Gah, Is That Frostbite? Here Are The Signs & Symptoms Of This Winter Hazard
Keep those fingers covered and connected to your body!
Skating and skiing and hiking are fun (depending on who you ask), but being outside in the cold poses risks, especially for disabled, young and older people. One of the primary evils to avoid during the winter months is frostbite: that terrifying thing where your fingers all fall off and — wait, I'm being told that frostbite can also be "mild" and there are ways to prevent it…
Let's take a closer look at this seasonal affliction, hopefully without getting any ourselves.
What is frostbite?
It's your skin, and then whatever's under it, freezing after exposure to the cold, according to Quebec's government resources on the topic. Severity can range from permanent temperature sensitivity to full amputation being necessary.
What temperatures put you at risk of frostbite?
Rather than relying on the raw temperatures, check your risk of frostbite against the wind chill index, which is a measure of how cold the outdoors feels on exposed skin. Wind chill indices between 0 C and -27 C present a low to relatively low risk of frostbite. Once temperatures drop below -28, your risk becomes moderate. Temperatures lower than -40 present a high risk of frostbite, and the colder it is, the faster frostbite sets in, according to the government.
What are frostbite symptoms?
The Quebec government notes that for milder, less-terrible-but-still-very-worth-avoiding superficial frostbite, "which only affects the skin's surface," the main symptoms are:
- your skin becoming numb and tingly,
- your skin reddening and then turning pale
- and small fluid-filled blisters appearing on the skin.
Severe frostbite is identified by your skin becoming "cold, pale and waxy."
How fast does frostbite happen?
From -28 to -39, skin freezes in ten to 30 minutes, depending on the intensity of the wind. At temperatures between -40 and -47, your skin can freeze in as little as five minutes regardless of the wind. Between -48 and -54, you have between two and five minutes before frostbite will set in, and at temperatures lower than -55, your skin can freeze in less than two minutes even without any wind.

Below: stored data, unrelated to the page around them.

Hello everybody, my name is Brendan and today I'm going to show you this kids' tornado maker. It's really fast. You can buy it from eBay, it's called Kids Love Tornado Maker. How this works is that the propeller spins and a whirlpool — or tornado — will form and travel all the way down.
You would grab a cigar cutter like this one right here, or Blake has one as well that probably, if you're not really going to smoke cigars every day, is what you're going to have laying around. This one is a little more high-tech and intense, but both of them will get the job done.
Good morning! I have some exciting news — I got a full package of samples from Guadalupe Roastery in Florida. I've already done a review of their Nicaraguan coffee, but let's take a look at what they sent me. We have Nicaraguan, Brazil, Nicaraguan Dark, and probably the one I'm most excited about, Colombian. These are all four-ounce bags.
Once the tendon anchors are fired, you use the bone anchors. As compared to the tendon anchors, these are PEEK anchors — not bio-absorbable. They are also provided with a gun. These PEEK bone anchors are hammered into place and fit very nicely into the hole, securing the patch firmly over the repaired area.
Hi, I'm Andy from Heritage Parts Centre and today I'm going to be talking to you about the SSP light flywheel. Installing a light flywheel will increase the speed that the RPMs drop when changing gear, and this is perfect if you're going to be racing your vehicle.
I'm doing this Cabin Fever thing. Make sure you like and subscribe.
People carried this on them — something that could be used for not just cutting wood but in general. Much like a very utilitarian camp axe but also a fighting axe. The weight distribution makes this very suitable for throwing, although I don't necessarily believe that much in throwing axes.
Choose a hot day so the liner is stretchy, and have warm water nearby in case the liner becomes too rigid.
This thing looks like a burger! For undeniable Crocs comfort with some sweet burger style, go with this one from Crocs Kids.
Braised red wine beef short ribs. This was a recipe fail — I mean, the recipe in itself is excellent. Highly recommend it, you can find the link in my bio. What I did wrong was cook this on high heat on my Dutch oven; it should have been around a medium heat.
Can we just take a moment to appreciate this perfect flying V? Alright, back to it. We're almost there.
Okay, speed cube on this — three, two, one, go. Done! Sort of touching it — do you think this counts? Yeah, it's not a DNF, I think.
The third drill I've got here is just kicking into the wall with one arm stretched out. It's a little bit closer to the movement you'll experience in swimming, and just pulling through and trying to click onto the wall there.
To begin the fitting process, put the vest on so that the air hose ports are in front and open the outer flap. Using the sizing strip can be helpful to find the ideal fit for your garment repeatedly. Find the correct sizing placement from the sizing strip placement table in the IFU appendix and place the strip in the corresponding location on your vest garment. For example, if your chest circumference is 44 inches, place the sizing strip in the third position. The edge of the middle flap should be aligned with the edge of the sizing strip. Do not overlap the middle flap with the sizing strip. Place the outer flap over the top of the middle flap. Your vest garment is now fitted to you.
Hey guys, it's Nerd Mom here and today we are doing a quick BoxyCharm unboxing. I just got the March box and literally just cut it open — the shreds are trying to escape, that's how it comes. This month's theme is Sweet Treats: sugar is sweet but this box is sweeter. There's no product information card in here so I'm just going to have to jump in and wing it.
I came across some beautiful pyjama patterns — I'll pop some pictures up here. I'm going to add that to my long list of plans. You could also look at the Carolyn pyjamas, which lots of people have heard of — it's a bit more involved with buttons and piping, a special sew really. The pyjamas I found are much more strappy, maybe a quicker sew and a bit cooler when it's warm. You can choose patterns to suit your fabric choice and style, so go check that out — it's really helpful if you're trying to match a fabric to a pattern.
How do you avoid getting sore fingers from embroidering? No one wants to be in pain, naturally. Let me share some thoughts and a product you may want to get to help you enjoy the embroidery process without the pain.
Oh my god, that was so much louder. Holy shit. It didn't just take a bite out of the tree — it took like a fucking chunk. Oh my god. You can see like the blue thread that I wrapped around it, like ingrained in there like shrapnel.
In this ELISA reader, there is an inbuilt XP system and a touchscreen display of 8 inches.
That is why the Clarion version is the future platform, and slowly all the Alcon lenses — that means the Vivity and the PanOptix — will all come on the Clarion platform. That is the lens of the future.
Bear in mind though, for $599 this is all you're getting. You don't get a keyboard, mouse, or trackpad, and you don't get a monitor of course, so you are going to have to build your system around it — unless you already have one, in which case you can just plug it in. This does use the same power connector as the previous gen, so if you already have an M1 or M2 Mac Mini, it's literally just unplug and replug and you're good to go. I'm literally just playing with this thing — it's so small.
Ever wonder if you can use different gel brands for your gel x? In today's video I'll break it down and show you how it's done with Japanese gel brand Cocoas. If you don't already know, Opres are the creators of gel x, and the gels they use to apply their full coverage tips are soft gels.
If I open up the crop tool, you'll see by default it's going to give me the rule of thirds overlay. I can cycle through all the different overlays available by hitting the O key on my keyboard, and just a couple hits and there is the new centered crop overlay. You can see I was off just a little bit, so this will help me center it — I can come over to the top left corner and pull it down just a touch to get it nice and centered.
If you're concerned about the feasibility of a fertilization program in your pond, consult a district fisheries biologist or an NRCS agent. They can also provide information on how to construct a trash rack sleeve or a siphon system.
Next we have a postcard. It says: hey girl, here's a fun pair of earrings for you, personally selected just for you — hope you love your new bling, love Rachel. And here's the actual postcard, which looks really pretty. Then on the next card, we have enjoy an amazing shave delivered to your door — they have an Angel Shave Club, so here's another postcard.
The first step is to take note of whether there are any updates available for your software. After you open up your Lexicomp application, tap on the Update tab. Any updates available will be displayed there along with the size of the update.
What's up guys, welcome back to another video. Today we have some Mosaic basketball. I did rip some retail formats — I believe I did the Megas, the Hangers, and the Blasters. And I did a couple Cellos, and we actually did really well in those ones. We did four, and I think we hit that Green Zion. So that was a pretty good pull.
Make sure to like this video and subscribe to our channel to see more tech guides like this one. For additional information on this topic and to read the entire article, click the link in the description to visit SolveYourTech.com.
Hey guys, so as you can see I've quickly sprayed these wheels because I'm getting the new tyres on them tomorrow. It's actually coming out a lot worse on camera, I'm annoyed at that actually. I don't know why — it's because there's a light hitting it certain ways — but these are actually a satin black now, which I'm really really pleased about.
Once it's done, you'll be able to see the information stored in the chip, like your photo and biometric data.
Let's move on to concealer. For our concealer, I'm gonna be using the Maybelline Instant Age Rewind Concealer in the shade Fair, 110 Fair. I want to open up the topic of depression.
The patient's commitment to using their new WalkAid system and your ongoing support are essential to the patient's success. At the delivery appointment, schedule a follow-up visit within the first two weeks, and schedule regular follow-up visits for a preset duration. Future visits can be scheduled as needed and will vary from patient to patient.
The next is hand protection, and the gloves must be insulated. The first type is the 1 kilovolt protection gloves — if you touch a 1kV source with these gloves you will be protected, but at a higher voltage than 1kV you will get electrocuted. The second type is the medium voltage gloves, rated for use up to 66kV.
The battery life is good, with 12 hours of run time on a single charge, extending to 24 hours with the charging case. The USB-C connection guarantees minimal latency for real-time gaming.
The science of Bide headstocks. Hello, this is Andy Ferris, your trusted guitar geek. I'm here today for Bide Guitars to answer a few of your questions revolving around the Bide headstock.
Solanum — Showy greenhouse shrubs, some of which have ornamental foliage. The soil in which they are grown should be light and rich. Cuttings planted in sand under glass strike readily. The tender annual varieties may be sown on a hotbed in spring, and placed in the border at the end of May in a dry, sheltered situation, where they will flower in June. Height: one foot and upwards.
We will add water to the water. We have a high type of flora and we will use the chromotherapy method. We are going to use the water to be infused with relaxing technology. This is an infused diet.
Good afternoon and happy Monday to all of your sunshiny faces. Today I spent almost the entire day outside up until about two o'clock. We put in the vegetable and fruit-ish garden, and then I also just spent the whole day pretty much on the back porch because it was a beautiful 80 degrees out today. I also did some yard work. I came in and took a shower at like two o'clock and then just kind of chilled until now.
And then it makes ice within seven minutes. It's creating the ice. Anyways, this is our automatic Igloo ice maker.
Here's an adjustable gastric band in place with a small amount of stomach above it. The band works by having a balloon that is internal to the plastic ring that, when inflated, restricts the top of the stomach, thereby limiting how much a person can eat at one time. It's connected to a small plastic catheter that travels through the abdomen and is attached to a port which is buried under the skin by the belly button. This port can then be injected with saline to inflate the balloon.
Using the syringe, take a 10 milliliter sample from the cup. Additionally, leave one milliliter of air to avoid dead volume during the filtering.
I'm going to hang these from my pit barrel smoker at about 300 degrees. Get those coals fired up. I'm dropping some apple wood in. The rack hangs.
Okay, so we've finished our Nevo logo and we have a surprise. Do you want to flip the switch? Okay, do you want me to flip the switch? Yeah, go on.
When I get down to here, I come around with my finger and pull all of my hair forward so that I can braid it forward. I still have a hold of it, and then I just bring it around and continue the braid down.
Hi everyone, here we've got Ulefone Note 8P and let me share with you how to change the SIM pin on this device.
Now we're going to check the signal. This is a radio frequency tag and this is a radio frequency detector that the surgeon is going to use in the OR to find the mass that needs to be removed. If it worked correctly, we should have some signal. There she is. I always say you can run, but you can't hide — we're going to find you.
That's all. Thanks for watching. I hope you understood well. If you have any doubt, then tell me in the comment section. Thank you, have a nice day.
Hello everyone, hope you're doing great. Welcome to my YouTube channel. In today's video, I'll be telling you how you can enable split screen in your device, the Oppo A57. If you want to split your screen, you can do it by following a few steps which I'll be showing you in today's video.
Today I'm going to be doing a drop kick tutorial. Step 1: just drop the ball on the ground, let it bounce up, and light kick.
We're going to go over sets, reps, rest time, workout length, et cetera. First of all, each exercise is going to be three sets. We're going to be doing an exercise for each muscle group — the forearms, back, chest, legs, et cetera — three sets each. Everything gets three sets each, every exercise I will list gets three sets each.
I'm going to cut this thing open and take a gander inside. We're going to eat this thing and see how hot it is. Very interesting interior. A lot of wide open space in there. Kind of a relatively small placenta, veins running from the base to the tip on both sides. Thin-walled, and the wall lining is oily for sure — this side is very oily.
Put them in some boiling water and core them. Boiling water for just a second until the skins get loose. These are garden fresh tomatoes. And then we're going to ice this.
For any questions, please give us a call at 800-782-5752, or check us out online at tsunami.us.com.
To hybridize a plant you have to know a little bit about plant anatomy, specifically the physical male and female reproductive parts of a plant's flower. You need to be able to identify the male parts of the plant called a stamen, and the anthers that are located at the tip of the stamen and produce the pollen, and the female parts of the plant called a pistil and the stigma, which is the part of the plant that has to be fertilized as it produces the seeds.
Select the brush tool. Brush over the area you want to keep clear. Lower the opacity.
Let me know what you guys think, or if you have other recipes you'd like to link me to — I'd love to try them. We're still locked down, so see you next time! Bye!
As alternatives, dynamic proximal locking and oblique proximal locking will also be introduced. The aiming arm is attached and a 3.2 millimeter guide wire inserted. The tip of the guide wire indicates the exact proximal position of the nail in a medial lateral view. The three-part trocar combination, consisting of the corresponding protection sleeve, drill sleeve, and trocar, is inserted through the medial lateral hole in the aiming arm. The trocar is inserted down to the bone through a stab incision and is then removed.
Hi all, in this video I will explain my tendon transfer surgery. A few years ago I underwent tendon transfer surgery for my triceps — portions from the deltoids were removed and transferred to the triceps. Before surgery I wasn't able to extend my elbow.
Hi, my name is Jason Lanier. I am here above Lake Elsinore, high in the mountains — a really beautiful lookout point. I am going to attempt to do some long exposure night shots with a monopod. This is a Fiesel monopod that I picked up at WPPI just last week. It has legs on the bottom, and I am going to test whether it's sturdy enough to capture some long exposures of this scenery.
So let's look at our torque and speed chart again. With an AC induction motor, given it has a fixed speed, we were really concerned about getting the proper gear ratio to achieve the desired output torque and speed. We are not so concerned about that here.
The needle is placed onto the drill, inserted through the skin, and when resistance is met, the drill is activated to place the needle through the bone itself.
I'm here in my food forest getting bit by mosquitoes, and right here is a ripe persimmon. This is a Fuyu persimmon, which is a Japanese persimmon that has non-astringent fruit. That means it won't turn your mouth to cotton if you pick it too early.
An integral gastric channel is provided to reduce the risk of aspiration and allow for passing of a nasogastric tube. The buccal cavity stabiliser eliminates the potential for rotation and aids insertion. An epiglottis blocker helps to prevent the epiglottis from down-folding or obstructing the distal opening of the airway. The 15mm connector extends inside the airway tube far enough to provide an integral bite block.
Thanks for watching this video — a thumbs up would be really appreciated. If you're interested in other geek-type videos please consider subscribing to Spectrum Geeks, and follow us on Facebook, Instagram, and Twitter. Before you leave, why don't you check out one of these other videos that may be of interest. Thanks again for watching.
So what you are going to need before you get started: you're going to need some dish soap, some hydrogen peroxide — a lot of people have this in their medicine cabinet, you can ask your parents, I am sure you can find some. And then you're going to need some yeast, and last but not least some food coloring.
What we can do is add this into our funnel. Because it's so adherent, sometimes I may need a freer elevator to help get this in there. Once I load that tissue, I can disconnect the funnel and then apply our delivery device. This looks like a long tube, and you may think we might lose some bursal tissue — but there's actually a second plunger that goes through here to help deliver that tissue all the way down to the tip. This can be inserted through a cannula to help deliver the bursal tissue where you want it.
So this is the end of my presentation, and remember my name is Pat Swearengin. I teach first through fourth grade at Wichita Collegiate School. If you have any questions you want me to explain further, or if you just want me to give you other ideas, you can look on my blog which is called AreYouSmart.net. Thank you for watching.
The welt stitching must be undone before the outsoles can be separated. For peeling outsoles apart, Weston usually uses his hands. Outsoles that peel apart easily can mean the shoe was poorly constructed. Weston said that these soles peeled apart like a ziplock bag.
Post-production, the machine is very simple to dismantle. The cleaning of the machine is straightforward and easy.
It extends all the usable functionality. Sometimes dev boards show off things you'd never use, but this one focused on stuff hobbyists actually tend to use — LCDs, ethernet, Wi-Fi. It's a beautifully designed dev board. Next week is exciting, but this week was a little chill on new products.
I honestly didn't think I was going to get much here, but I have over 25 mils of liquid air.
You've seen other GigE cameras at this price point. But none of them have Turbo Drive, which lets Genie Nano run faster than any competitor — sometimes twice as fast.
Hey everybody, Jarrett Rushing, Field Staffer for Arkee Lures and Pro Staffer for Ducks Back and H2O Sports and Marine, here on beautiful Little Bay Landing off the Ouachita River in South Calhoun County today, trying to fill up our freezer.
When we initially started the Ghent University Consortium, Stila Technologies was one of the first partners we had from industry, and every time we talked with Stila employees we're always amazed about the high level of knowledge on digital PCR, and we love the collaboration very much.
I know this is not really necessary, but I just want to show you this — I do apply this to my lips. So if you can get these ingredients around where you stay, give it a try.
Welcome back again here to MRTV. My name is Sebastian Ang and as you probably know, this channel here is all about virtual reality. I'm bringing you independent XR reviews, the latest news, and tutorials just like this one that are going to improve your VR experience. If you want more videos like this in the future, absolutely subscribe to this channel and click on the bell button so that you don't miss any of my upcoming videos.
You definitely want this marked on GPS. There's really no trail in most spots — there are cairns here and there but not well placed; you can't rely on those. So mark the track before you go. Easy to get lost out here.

How do you treat frostbite?
If you think you have frostbite, first get out of the cold, remove any wet clothes, and warm yourself up with blankets or a fellow person's body heat. The Quebec government recommends putting warm water on the frostbitten area, but avoid rubbing your skin, since it risks further damage. Warming up frostbitten skin can be painful, but you can reduce this effect by using a cream like aloe vera. Despite popular myths, drinking alcohol won't help, per the government.
How do you prevent frostbite?
The simple answer: dress appropriately for the weather. Cover any exposed skin (including your head!) when the temperatures dip, and keep an eye on the wind factor. It's good to regularly go inside to avoid frostbite, and make sure someone knows where you are if you're braving the cold for a longer period of time.
This article's cover image was used for illustrative purposes only.